Ich habe kein Wort von deinem geschriebenen Verstanden.
Schreibe dass bitte nochmal ordentlich mit Satzzeichen und logischem Satzbau


----------



## dab387 (23. Juli 2012)

lol ok hab da immer a weng hektik drinn


----------



## dab387 (23. Juli 2012)

Also habe mir Teamspeak Server für Linux Instaliert und funktioniert auch soweit nun müsste ich noch den Client Instalieren aber die Datei was ich bekomme ist eine Bin Datei und für mich nicht Instalierbar oder mache ich etwas falsch. Desweiteren stellt sich für mich die Frage ob ich das evtl. nicht sogar über meinen anderen Rechner angehen kann da ich ja noch diesen Code Eingeben muss bei erstbenutzung


----------



## Timsu (23. Juli 2012)

Du musst wenn du den client installieren willst doch nur im terminal den Befehl eingeben den ich oben genannt habe?
Das mit dem Code klappt eig. auch über einen anderen Computer.


----------



## dab387 (23. Juli 2012)

ah das mit den anderen pc find ich schon mal besser da ich eigentlich neu bin auf dem Gebiet und war schon recht schwer mit der server instalation nur wie funktioniert das da


----------



## Bauer87 (26. Juli 2012)

Die Bin-Datei von Teamspeak ist ein selbst-entpackendes Archiv.

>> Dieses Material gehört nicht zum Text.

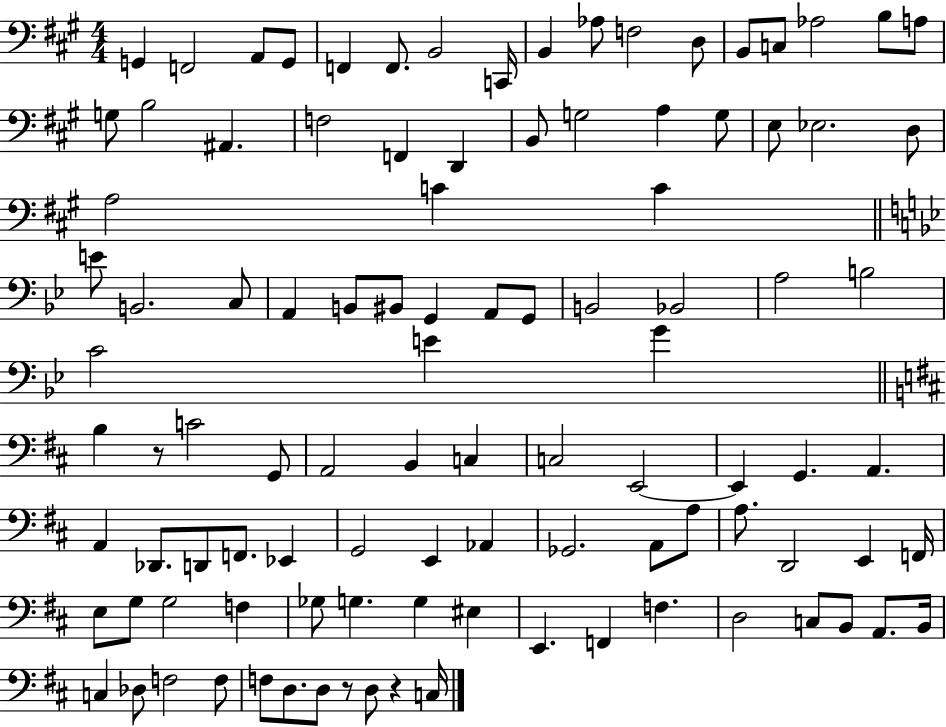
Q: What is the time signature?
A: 4/4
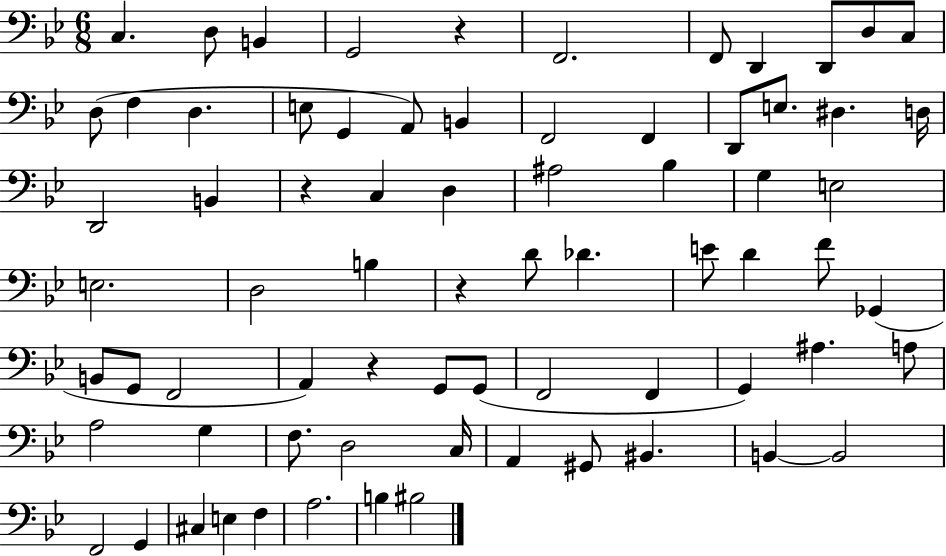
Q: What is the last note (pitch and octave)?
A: BIS3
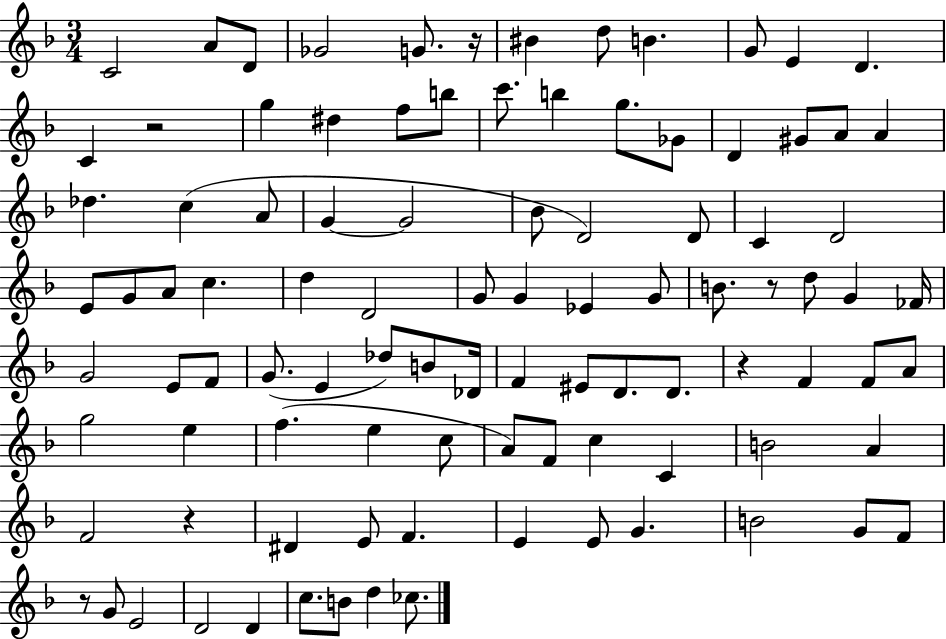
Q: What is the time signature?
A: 3/4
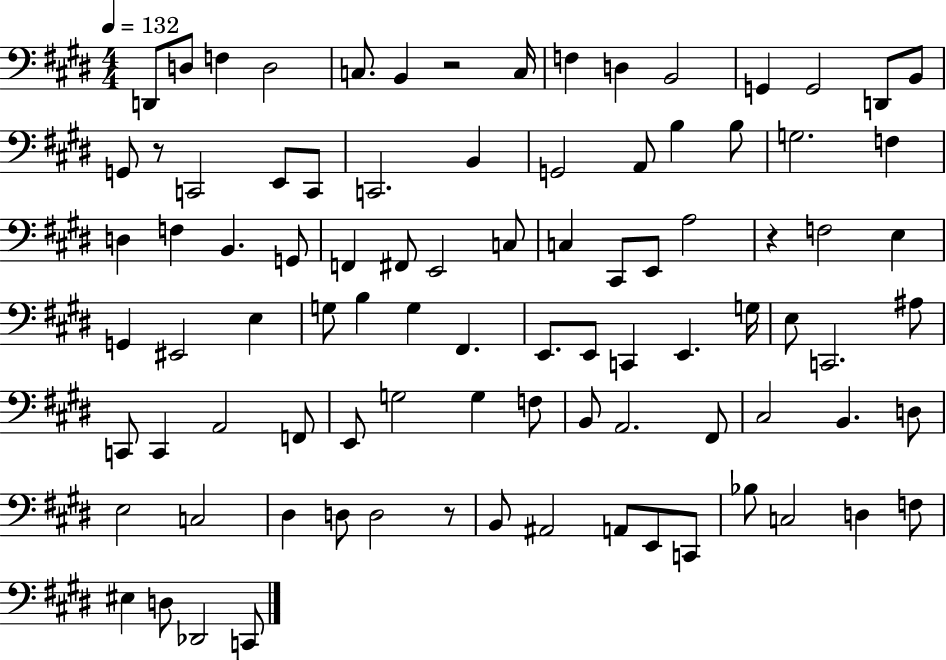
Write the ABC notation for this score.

X:1
T:Untitled
M:4/4
L:1/4
K:E
D,,/2 D,/2 F, D,2 C,/2 B,, z2 C,/4 F, D, B,,2 G,, G,,2 D,,/2 B,,/2 G,,/2 z/2 C,,2 E,,/2 C,,/2 C,,2 B,, G,,2 A,,/2 B, B,/2 G,2 F, D, F, B,, G,,/2 F,, ^F,,/2 E,,2 C,/2 C, ^C,,/2 E,,/2 A,2 z F,2 E, G,, ^E,,2 E, G,/2 B, G, ^F,, E,,/2 E,,/2 C,, E,, G,/4 E,/2 C,,2 ^A,/2 C,,/2 C,, A,,2 F,,/2 E,,/2 G,2 G, F,/2 B,,/2 A,,2 ^F,,/2 ^C,2 B,, D,/2 E,2 C,2 ^D, D,/2 D,2 z/2 B,,/2 ^A,,2 A,,/2 E,,/2 C,,/2 _B,/2 C,2 D, F,/2 ^E, D,/2 _D,,2 C,,/2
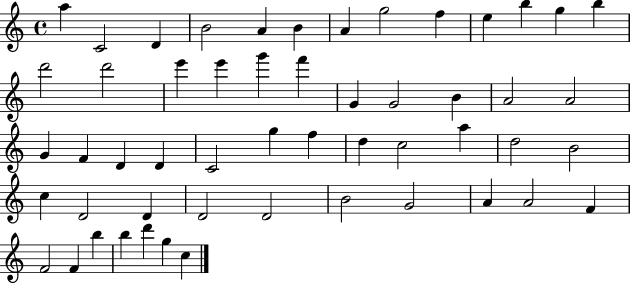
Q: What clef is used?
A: treble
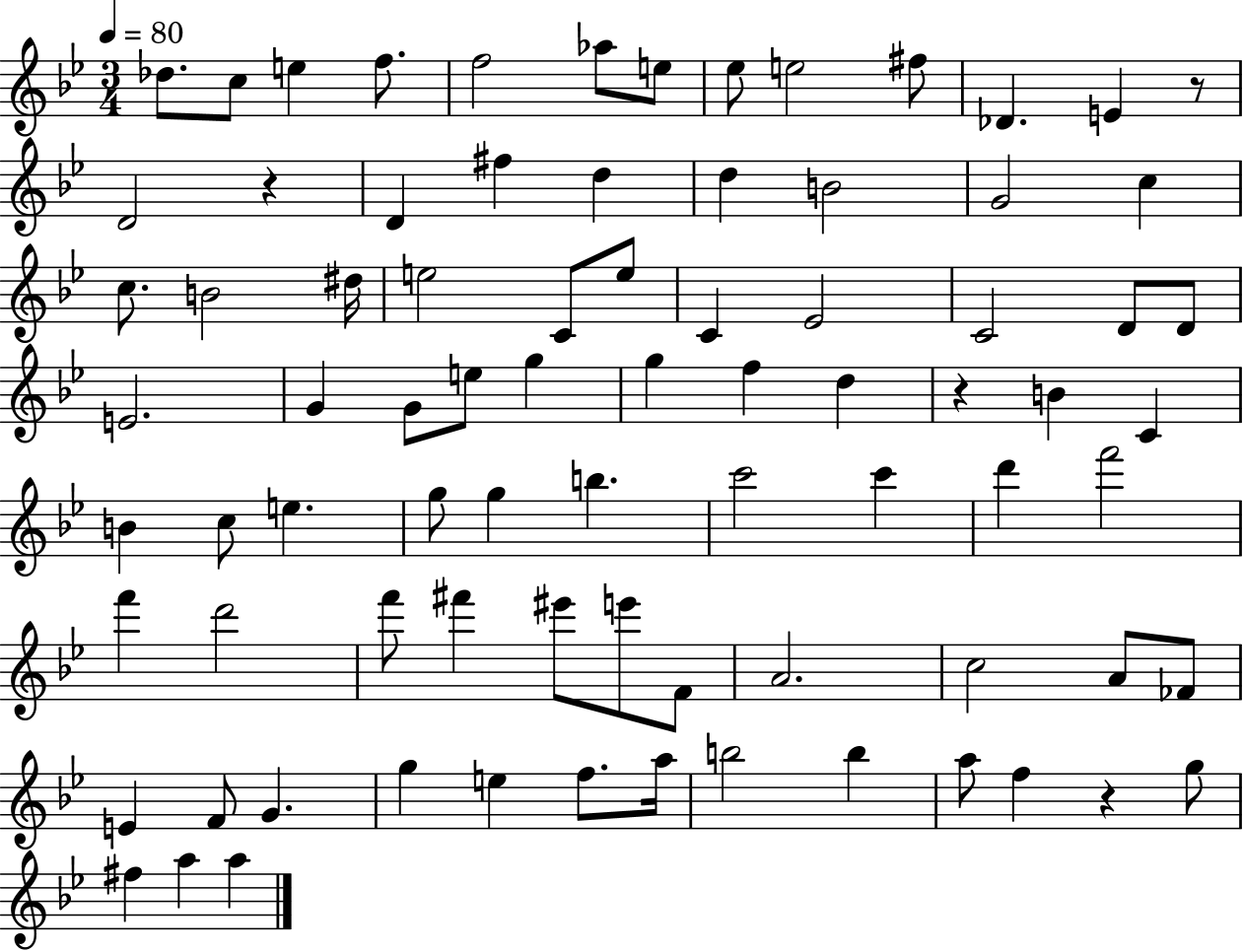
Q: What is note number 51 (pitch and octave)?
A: F6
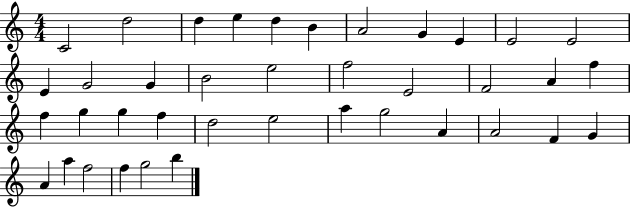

Wenn man es (z.B. mit „chmod +x $Dateiname“) ausführbar macht, kann man es (z.B. mit „./$Dateiname” im Verzeichnis, in dem die Datei liegt) ausführen. Debian selbst liefert afaik (per „apt-get“) immer noch Teamspeak 2 aus, das wäre also keine Alternative.


----------



## PAUI (2. August 2012)

also über apt-get würde ich keinen Teamspeak client bzw. server installieren suche am besten direkt auf der ts3 homepage die dateien mache ich auch immer.

ich hab das schon verstanden was du willst, du hast auf deinem Linux Server einen TS3 Server installiert und willst jetzt per TS3 Client drauf Connecten und quatschen, aber es geht nicht weil es eine bin datei ist. welche endung hat die Datei?

oder willst du im Linux da drauf connecten? dafür brauchst du ne grafische oberfläche wie Gnome.

EDIT: wenn es eine sh datei ist | entweder "sh Dateiname.sh" oder "./Dateiname.sh"


----------



## MiToKo (2. August 2012)

Eventuell hilft dir dieser Eintrag weiter :TeamSpeak 3
Ist zwar für Ubuntu, aber die Befehle sehen so aus, als sollte das auch bei Debian klappen, zumindest der erste Teil.
http://wiki.ubuntuusers.de/TeamSpeak_3


----------